Stored items:
------------------------------------------------
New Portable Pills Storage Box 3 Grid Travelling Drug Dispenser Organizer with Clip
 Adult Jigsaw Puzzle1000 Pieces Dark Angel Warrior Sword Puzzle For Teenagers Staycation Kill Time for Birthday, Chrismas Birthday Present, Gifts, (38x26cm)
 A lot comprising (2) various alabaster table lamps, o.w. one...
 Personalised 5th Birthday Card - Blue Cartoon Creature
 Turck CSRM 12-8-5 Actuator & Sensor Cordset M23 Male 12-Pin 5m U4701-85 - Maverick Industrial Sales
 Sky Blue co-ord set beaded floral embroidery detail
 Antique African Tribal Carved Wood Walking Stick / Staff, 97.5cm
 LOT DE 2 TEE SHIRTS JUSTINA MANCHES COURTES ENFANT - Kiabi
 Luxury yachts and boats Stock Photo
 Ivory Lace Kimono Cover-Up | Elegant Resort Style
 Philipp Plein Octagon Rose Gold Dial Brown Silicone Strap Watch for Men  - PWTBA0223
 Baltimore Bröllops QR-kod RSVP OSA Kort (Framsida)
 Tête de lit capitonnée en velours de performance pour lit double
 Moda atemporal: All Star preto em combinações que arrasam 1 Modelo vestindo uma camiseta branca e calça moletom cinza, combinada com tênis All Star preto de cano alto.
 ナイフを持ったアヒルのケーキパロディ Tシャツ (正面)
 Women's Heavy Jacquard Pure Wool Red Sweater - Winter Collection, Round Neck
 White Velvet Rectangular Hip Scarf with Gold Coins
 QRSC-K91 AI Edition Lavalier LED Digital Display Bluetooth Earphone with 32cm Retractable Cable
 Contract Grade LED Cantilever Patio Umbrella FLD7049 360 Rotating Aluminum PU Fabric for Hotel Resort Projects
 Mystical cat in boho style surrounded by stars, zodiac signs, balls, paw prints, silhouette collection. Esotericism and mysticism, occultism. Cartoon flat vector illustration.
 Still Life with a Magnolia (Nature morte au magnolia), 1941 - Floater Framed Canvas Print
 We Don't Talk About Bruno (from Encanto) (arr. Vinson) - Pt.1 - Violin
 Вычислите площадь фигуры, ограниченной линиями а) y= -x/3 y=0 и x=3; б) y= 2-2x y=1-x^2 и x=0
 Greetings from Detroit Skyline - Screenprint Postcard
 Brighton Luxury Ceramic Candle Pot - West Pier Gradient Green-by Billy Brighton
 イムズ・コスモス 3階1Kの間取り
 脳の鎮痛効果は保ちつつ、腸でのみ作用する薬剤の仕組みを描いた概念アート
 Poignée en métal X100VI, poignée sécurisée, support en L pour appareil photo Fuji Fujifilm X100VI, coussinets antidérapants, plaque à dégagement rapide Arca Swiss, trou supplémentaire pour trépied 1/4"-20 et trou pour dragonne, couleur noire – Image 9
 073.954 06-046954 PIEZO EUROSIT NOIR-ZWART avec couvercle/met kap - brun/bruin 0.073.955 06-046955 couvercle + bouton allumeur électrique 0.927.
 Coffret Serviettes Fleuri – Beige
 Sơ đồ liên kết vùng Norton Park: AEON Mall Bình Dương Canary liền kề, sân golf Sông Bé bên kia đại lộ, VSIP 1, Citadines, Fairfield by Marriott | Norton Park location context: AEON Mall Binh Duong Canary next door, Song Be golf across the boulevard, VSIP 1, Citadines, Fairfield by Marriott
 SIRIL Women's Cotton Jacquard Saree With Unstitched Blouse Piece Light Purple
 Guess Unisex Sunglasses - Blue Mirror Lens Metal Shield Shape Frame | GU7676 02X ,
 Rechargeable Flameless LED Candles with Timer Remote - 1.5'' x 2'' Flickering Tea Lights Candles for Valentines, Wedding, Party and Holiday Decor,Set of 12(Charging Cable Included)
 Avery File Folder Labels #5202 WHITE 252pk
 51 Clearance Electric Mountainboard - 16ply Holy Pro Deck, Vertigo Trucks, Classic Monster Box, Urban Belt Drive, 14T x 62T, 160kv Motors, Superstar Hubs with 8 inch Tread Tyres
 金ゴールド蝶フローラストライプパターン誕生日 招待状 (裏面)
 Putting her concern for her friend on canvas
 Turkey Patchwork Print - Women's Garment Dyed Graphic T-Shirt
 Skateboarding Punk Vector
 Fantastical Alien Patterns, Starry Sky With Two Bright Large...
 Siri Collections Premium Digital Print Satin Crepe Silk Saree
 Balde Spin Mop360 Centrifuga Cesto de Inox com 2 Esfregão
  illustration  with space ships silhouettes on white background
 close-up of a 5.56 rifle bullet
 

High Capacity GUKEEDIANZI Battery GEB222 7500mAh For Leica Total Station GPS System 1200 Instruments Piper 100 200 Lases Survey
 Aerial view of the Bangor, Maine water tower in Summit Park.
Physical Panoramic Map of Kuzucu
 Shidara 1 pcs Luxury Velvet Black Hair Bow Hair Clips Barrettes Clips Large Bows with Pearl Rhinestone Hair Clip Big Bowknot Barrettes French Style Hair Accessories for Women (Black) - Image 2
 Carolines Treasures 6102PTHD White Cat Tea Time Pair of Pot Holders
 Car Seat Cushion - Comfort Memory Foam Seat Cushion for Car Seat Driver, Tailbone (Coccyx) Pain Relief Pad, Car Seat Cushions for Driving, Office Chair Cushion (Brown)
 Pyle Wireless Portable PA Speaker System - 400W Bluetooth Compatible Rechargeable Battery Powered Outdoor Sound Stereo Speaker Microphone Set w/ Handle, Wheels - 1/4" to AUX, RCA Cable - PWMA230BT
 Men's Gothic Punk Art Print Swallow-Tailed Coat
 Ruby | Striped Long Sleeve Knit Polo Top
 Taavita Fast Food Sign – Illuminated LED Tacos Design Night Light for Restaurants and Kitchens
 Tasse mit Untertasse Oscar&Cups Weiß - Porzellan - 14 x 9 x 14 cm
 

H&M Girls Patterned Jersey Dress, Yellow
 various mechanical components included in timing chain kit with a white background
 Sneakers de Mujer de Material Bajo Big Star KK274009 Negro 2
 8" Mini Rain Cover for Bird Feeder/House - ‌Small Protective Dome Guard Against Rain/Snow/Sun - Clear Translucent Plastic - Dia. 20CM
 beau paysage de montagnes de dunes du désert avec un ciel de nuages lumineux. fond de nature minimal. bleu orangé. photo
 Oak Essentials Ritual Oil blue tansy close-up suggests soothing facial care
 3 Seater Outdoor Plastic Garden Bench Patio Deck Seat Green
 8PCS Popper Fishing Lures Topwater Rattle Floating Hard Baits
------------------------------------------------
* [YOUR OBJECTIVE]: How many of the lines above include the word "Cartoon"? Only the number should be given.

* [EXERCISE OUTPUT]: 2